What is expected -
Nothing other than the lines from the one containing "this 1345×896 image." through the close of the entries below should be printed, each exactly.

Dataset excerpts -

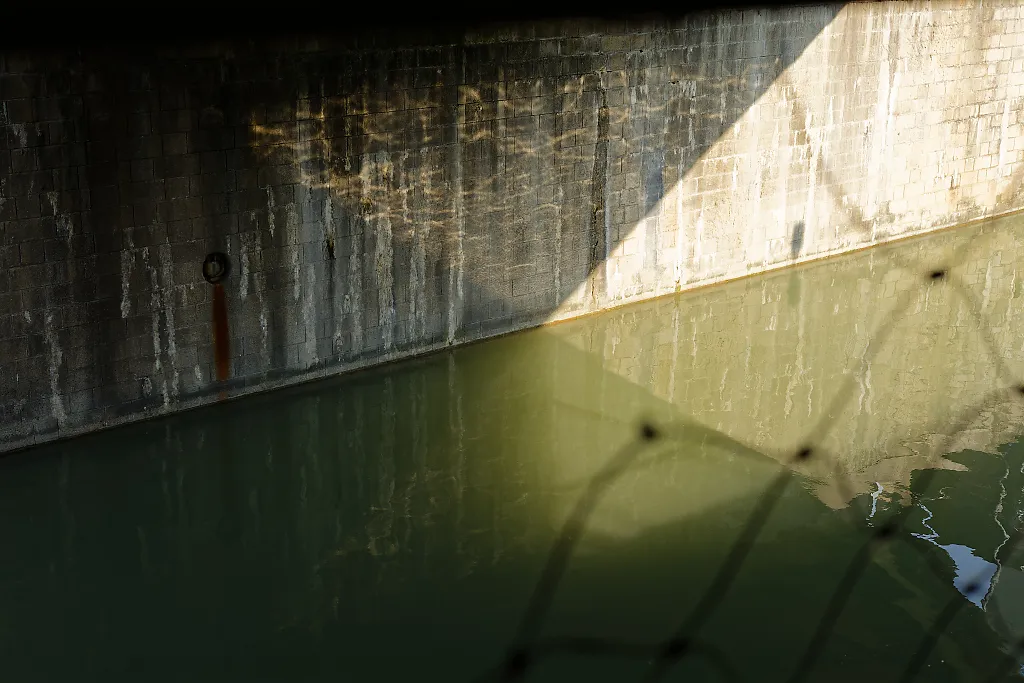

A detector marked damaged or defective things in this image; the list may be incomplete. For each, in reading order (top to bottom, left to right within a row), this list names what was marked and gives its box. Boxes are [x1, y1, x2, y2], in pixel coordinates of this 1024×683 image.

rusty metal ring [200, 252, 231, 284]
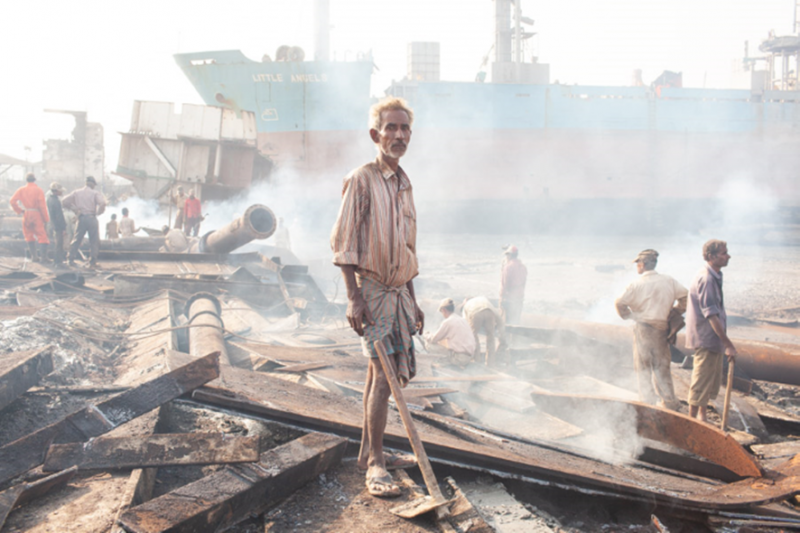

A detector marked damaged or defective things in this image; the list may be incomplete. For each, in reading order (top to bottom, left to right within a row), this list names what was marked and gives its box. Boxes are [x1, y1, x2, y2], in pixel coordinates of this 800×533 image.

rusty metal beam [195, 204, 276, 254]
tattered shirt [330, 157, 418, 286]
rusty metal beam [184, 294, 228, 368]
rusty metal beam [0, 344, 53, 412]
rusty metal beam [0, 466, 77, 528]
rusty metal beam [0, 352, 219, 484]
rusty metal beam [42, 430, 258, 472]
rusty metal beam [117, 432, 346, 532]
rusty metal beam [532, 388, 764, 476]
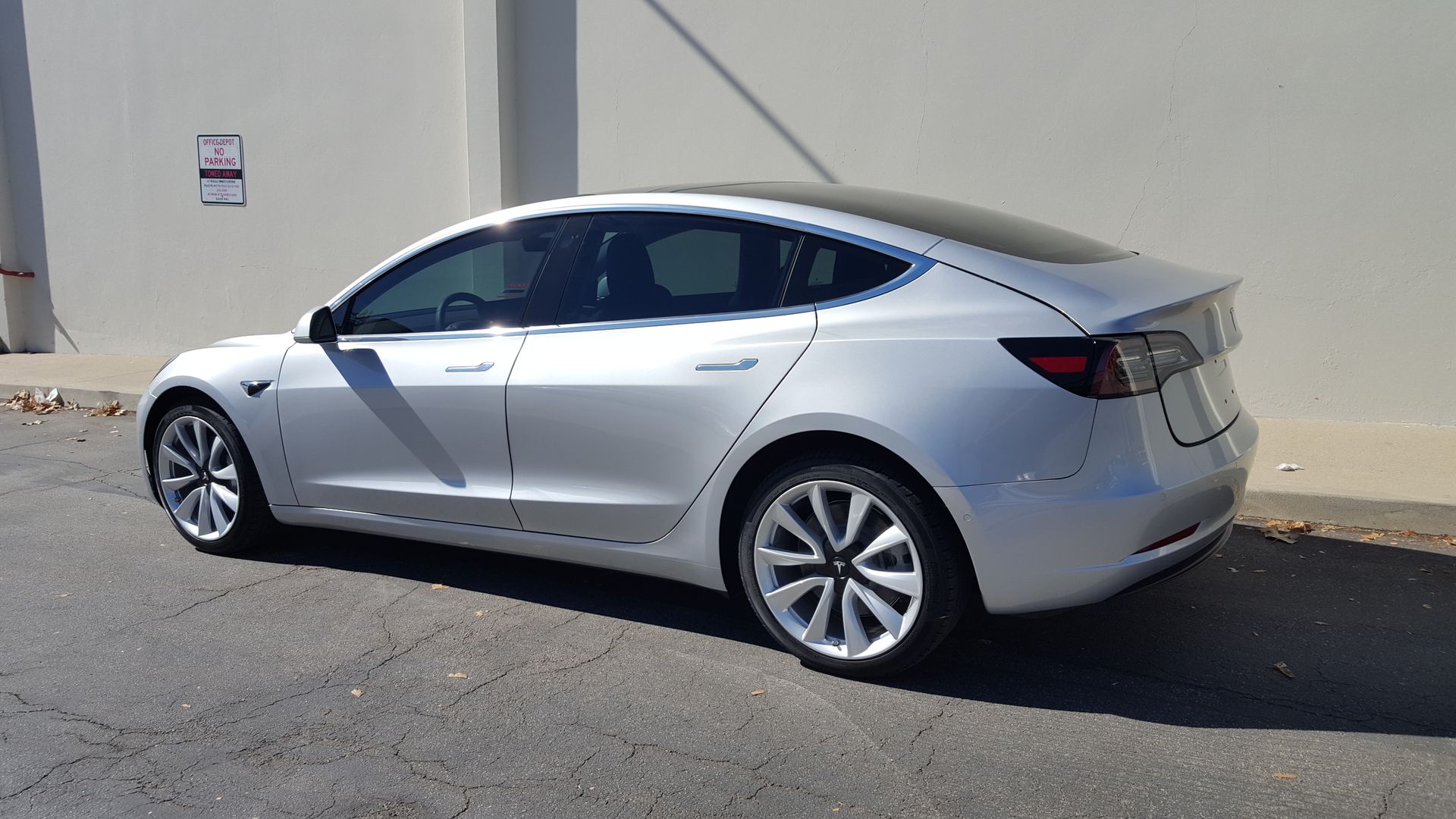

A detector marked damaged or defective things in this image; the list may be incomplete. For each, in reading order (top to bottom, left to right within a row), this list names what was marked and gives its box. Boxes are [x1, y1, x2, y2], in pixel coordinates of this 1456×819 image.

cracked asphalt [0, 413, 1450, 816]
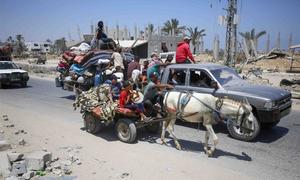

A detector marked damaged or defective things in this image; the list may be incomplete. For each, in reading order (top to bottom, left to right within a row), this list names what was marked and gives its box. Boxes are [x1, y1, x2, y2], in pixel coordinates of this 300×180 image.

broken slab [25, 150, 52, 170]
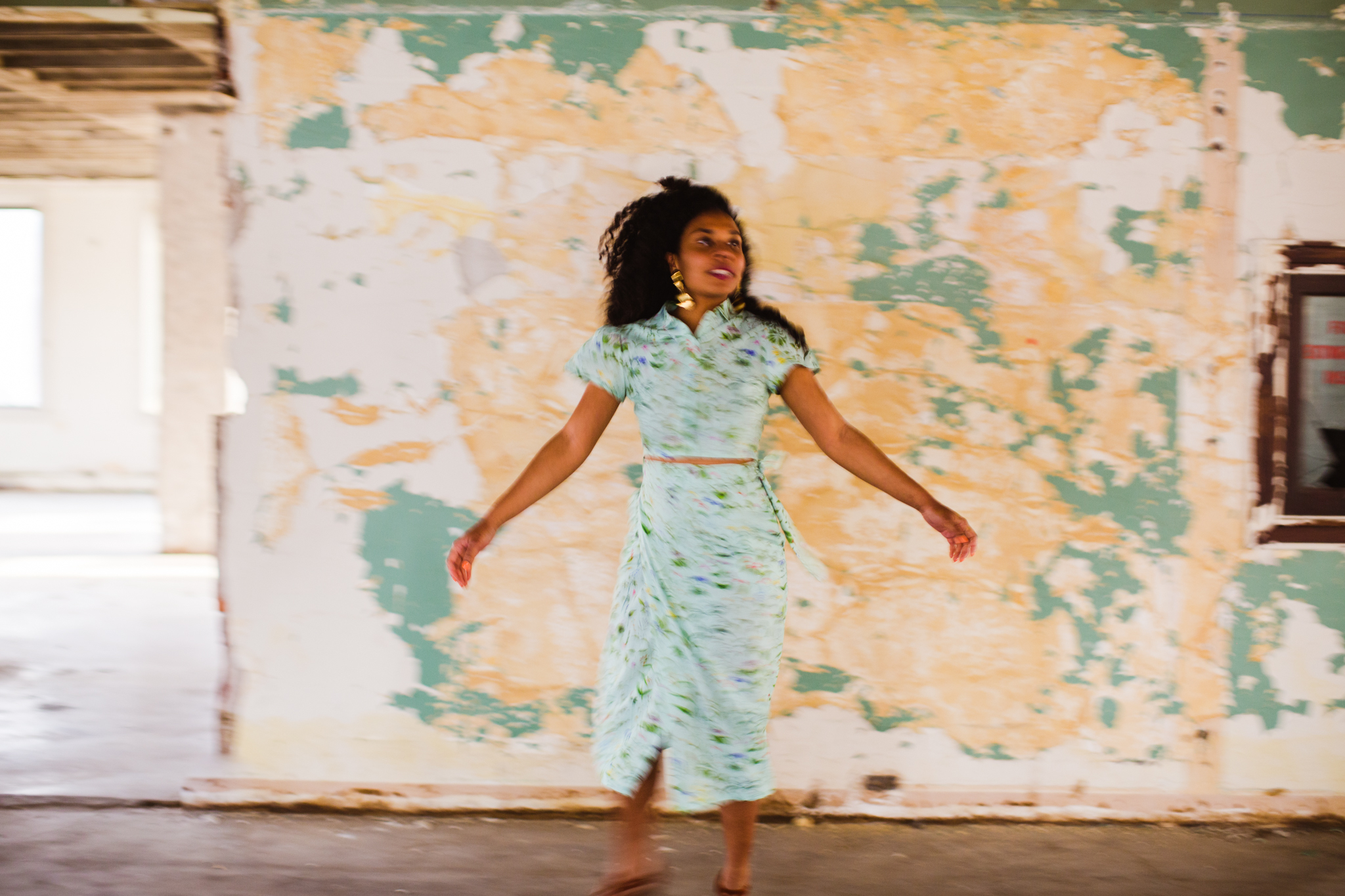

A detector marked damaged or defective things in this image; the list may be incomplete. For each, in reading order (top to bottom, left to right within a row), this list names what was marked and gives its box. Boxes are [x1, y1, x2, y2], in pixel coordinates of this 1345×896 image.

peeling paint wall [221, 0, 1345, 809]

Result of the exercise -
A detector marked damaged or defective things in this image; the list may be incomplete. For each, in reading order (top to bottom, left to right within a row), this list names what was marked and gives its box. Boxes are [x1, y1, x2, y2], in pixel coordinates of this 1345×896 image.

peeling paint wall [221, 0, 1345, 809]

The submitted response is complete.